As anchor Dan Harris set up the report, he conveyed that the documents "detail 30 years of illegal CIA operations, from assassination plots to experiments on humans." Marlantes listed some of the activities that included "assassination conspiracies against foreign leaders like Fidel Castro, the infiltration of anti-war groups, and screening of private mail, including letters to actress and antiwar activist Jane Fonda," and "putting journalists under surveillance." (Transcipt follows)
As Marlantes relayed CIA director Michael Hayden's comments that the documents detail activities of "a very different time and a very different agency," the ABC correspondent saw it differently. Marlantes: "But this all comes when the CIA is under fire for an alleged array of current abuses, including the use of secret prisons and torture. Some say the activities of the past may look mild by comparison."
After showing a clip of Bush administration critic James Bamford complaining that some of the controversial actions that were done "in a very mild degree" decades ago are now being done "wholesale," Marlantes concluded: "A look back at a controversial history, whose lessons may be more relevant than ever."
Below is a complete transcript of the report from the June 24 World News Sunday on ABC:
DAN HARRIS: The CIA is going to release some of its deepest, darkest secrets tomorrow, documents detailing 30 years of illegal CIA operations, from assassination plots to experiments on humans. Not only is the spy agency disclosing this long-hidden information, it is also doing it voluntarily. ABC's Liz Marlantes has the story.
LIZ MARLANTES: They are known as the "family jewels," documents so secret and so potentially damaging that the CIA has fought to keep them classified until now.
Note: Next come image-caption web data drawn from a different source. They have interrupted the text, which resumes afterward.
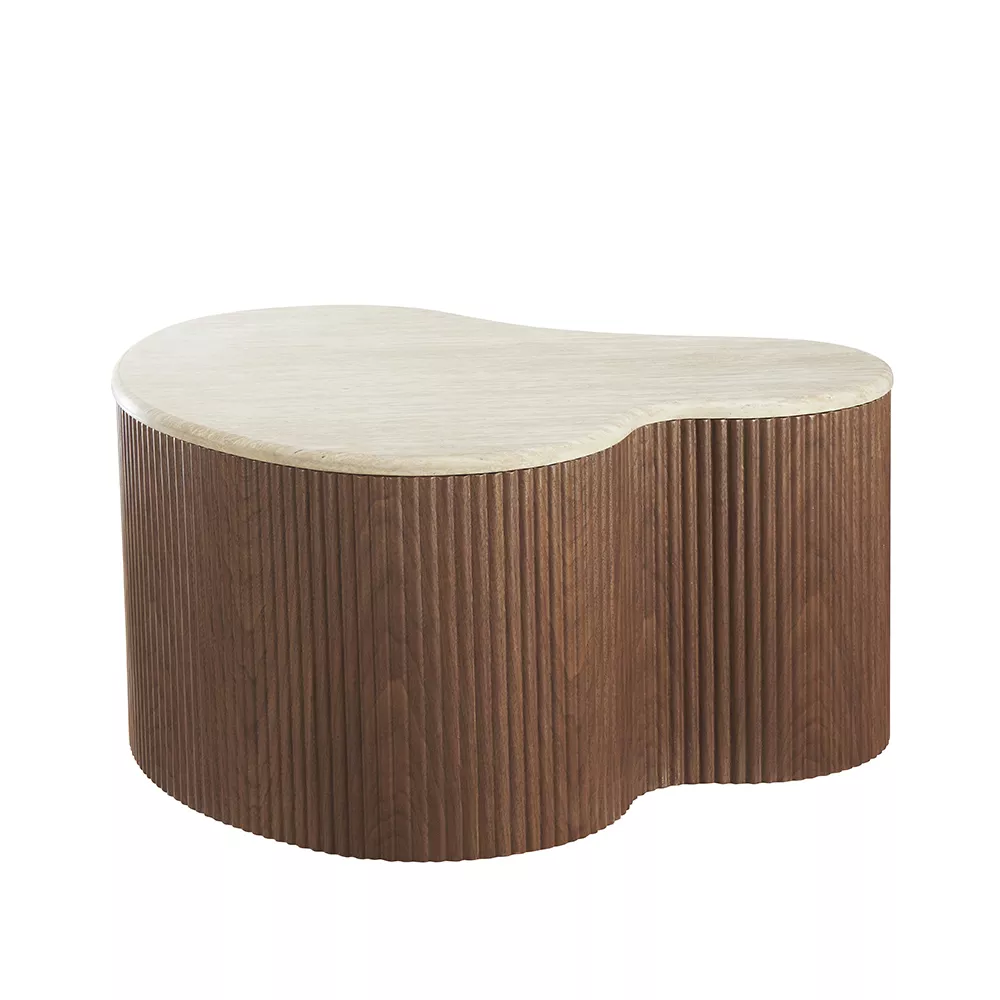 BJ-25035 Irregular Artificial Marble Coffee Table with Ripple Wood Veneer Base – Wholesale
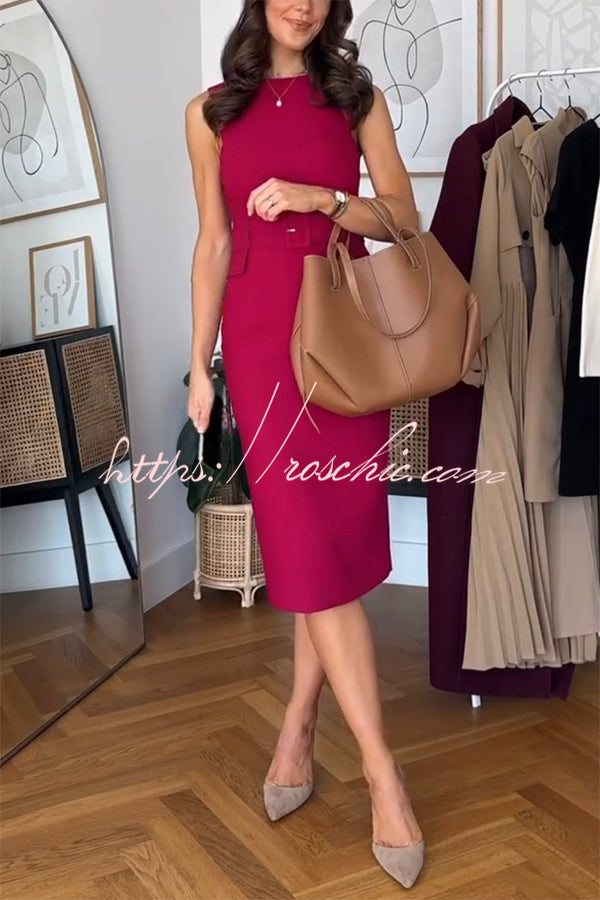 Feel Formal Belted Tailored Stretch Pencil Midi Dress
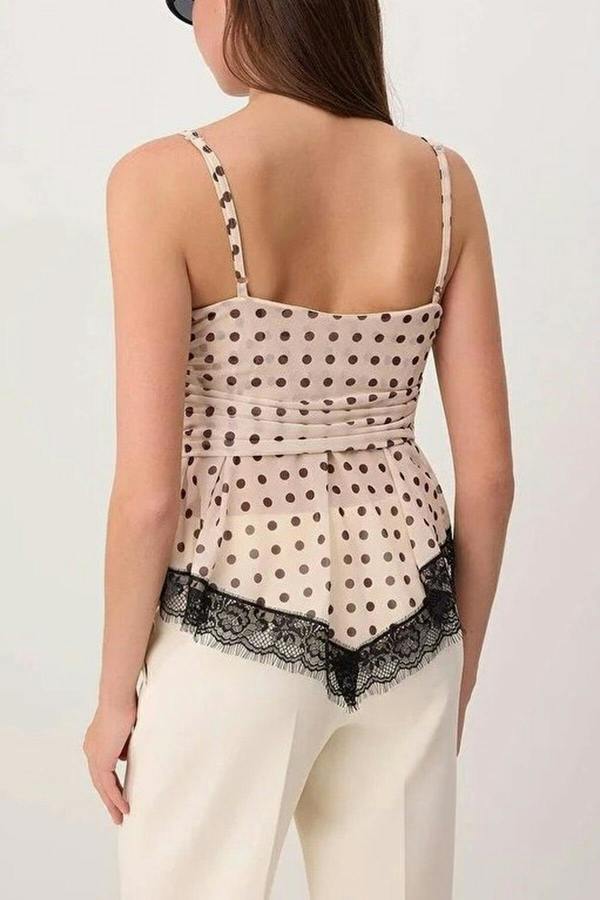 WOVCOR Polka Dot V-Neck Knitted Blouse with Lace Detail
THOMAS BLANTON, National Security Archive: The "family jewels" are a series of CIA officers going into the confessional and saying, "Forgive me, father, for, I have sinned."
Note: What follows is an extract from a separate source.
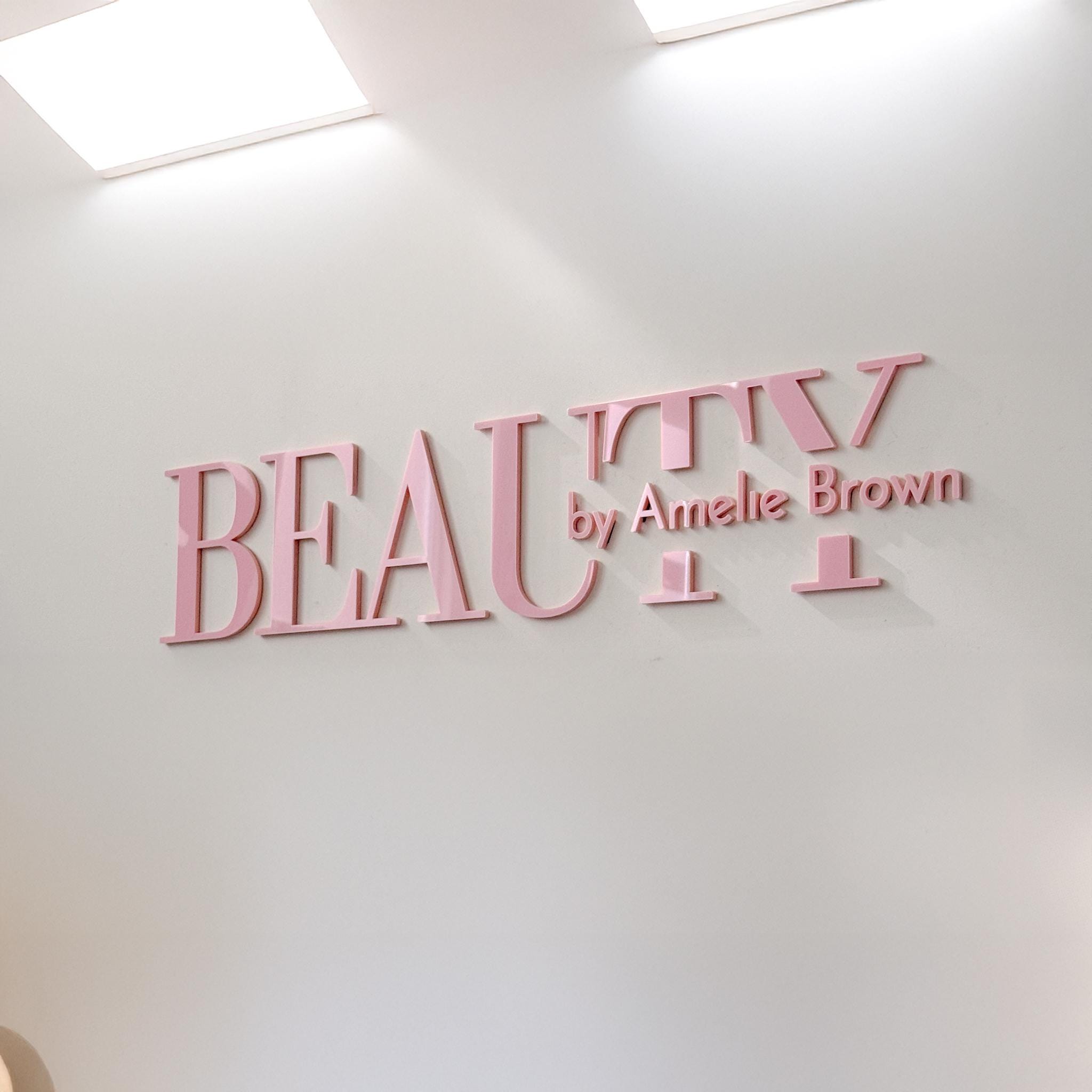 Pastel Pink 3D Acrylic Wall Sign | Custom Logo Sign | Glossy, Mirror ...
MARLANTES: Then-CIA director James Schlesinger ordered the 700-page dossier in 1973, compiling decades of illegal activities by the agency. Many details were later revealed in newspaper reports and congressional hearings. It is the stuff of spy novels. Among the abuses, assassination conspiracies against foreign leaders like Fidel Castro, the infiltration of anti-war groups, and screening of private mail, including letters to actress and antiwar activist Jane Fonda. The CIA also put journalists under surveillance, like columnist Jack Anderson and his then-assistant Brit Hume.
MICHAEL GETLER, Former Washington Post reporter: It was very spooky, very spooky. I mean, this is America. And you don't expect that.
MARLANTES: Former Washington Post reporter Michael Getler was monitored by a team of agents around the clock.
GETLER: They were watching who I was talking to. They took pictures of who I was having lunch with. They actually took pictures through the picture window of our home.
MARLANTES: The CIA would have had to release the documents eventually under the Freedom of Information Act. But the decision to do it now may reflect a new openness on the part of the agency about its cloak and dagger past. CIA director Michael Hayden described the documents as a glimpse of a very different time and a very different agency. But this all comes when the CIA is under fire for an alleged array of current abuses, including the use of secret prisons and torture. Some say the activities of the past may look mild by comparison.
JAMES BAMFORD, Author of Body of Secrets: A lot of the things that were done in a very mild degree back in the '50s, '60s and '70s are now being done on a whole scale basis.
MARLANTES: A look back at a controversial history, whose lessons may be more relevant than ever. Liz Marlantes, ABC News, Washington.